Once again reports have appeared in the media, following the previous rumors  that the Kabul regime is going to sign Afghanistan’s strategic agreement with  America. Karzai, Head of the Kabul Puppet Regime disclosed this in his recent  assertions that he would convene a Loya Jirgah ( a grand tribal council) to  endorse a long-term partnership with America, apparently in an effort to give  legality to the agreement.

In fact, Karzai’s utterance is a repeat of the remarks of American rulers who  sometimes ago said that they wanted establishment of permanent bases in  Afghanistan. However, Karzai being aware of the mentality of the Afghan people,  wants to sell it (the idea of establishment of permanent bases) to the Afghans  under a relatively misleading title of Strategic Partnership.

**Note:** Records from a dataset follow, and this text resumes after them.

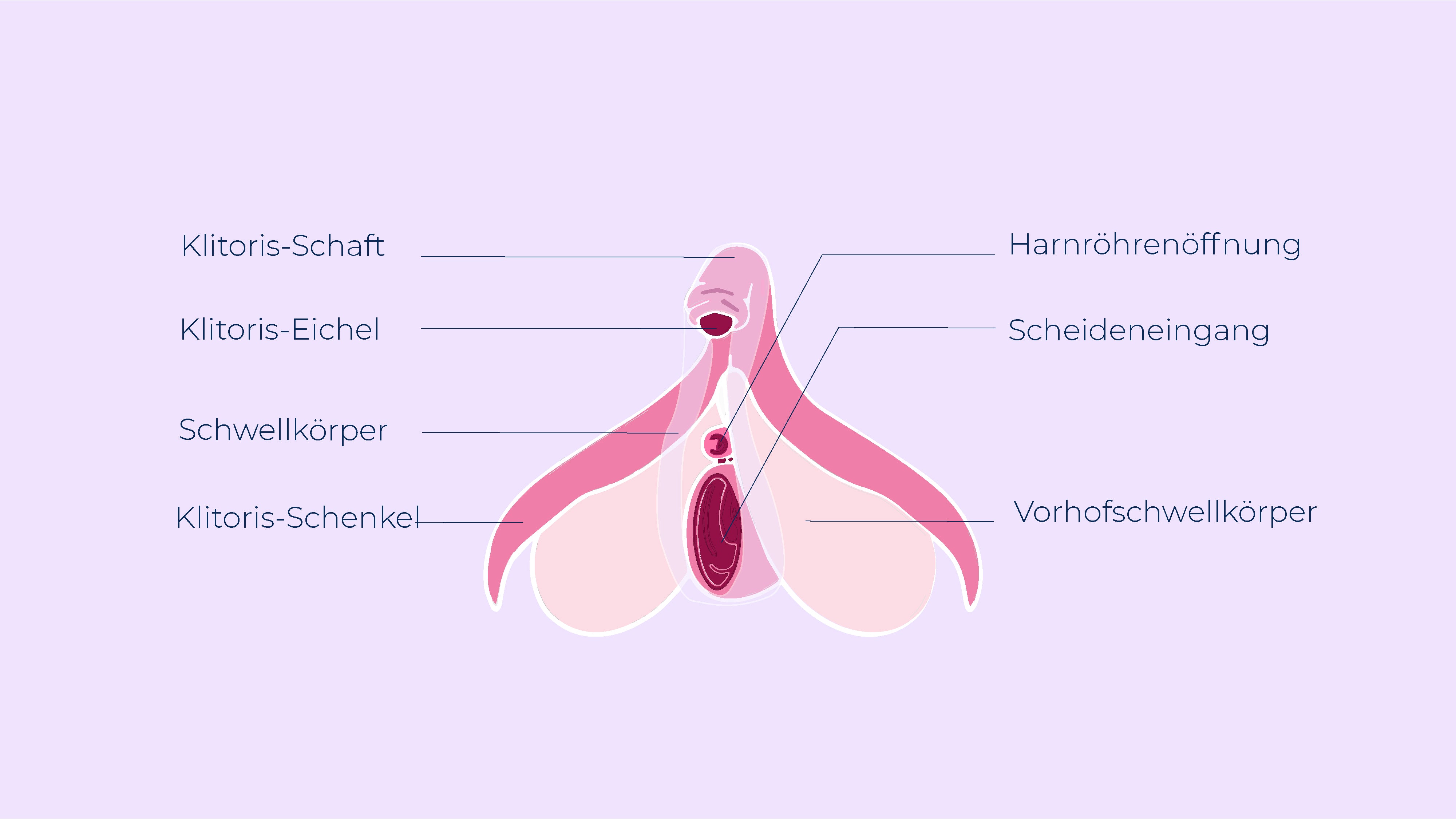 Erstaunliche Fakten über die Klitoris, Anatomie Klitoris, Orgasmus Klitoris, Wo ist die Klitoris? Ovy App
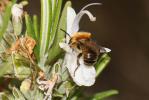 Osmie rousse Osmia bicornis (Linnaeus, 1758)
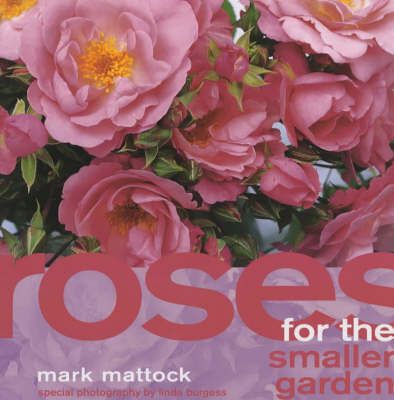 Roses for the Smaller Garden By Mark Mattock, Linda Burgess (Hardback)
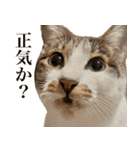 うずめの毎日4（個別スタンプ：24）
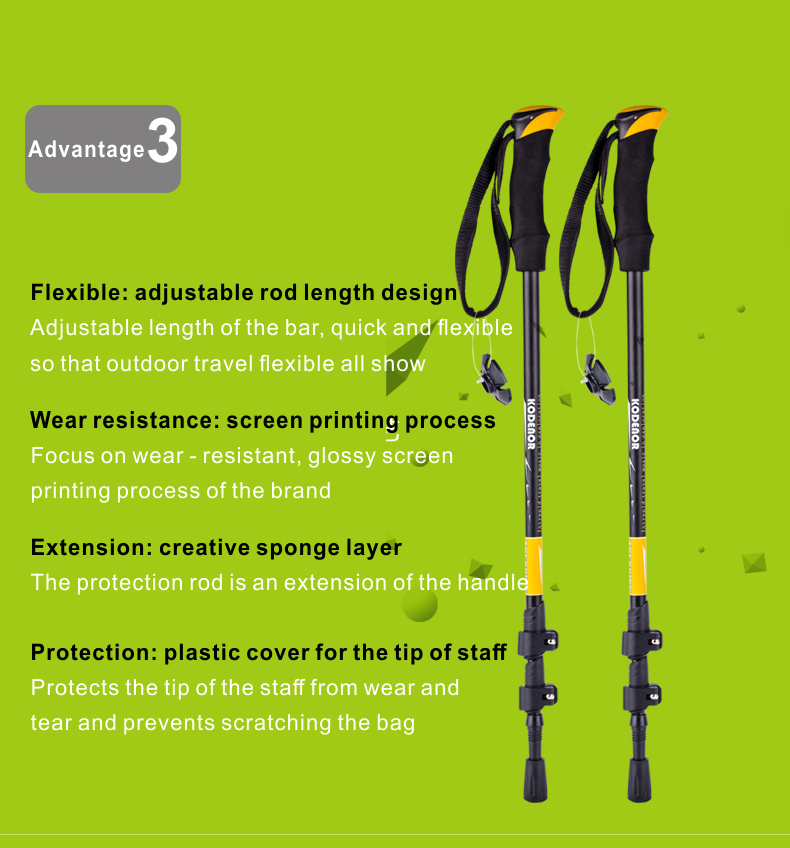 3 Sections Alpenstock DFTZL-6 (5).jpg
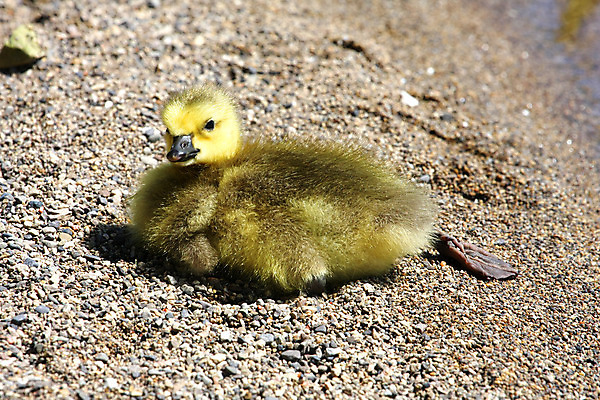 포토 JPG 해외이미지 모양 동물 공원 호수 야생동물 캐나다 날개 자연 조류 하늘 오리 사람없음 물 강 검은색 힘 덮개 시골 연못 개울 원주민 떨어짐 깃털 시작 상승 부리 거위 물새 단아함 동물상 해외202004 해외포토 자연요소 공공시설 컬러 컨셉 북아메리카 조형물 뚜껑 아프리카인 생태계 파일형식 이미지허브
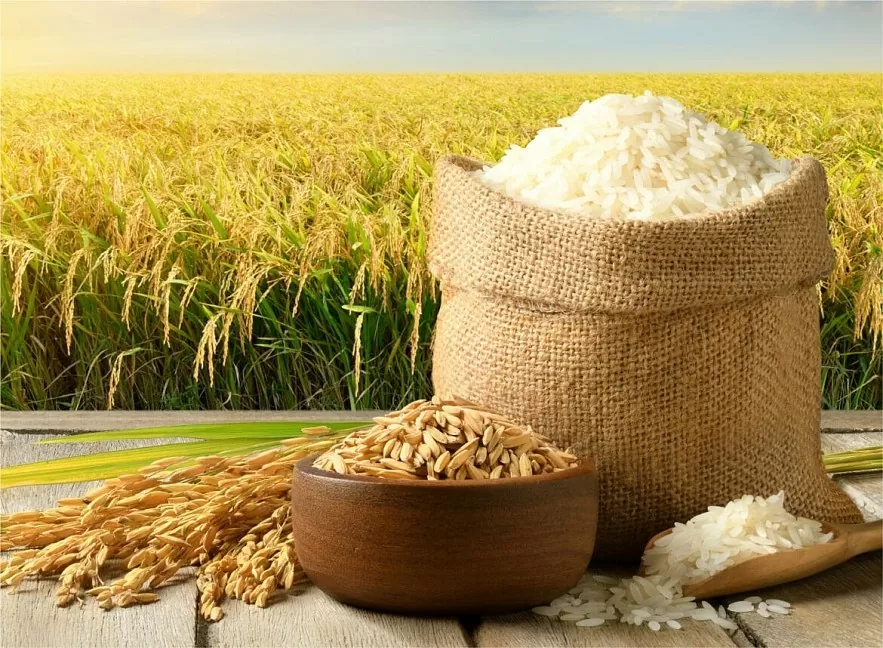 Rice in Vietnam: An Ancestral and Sacred Culture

We believe, the Americans want to have the Jirgah convened by their puppets to  approve the strategic agreement, since they have already failed in their  endeavor to maintain occupation of Afghanistan. Thus, the Americans are trying  to pave the way for their long-term presence, establishment of permanent  (military) garrisons and maintenance of the occupation of the country.  Therefore, we can say the newly-started hot discussion is no more than shackles  aimed at depriving the believing Afghan people of independence and Afghanistan  of its valor and pride and ultimately, aimed at subjugating the Afghans. Every  effort must be made to comprehend this and prevent it from being implemented.

Certainly, occupation of a country or a given people and, for that matter,  unlawful presence of troops on a soil, be it for a short period, has no  justification whatsoever, under any human law. Therefore, the same naturally  applies to a deal, trading on the independence of a people for a long period or  in that context, usurping a land is never acceptable.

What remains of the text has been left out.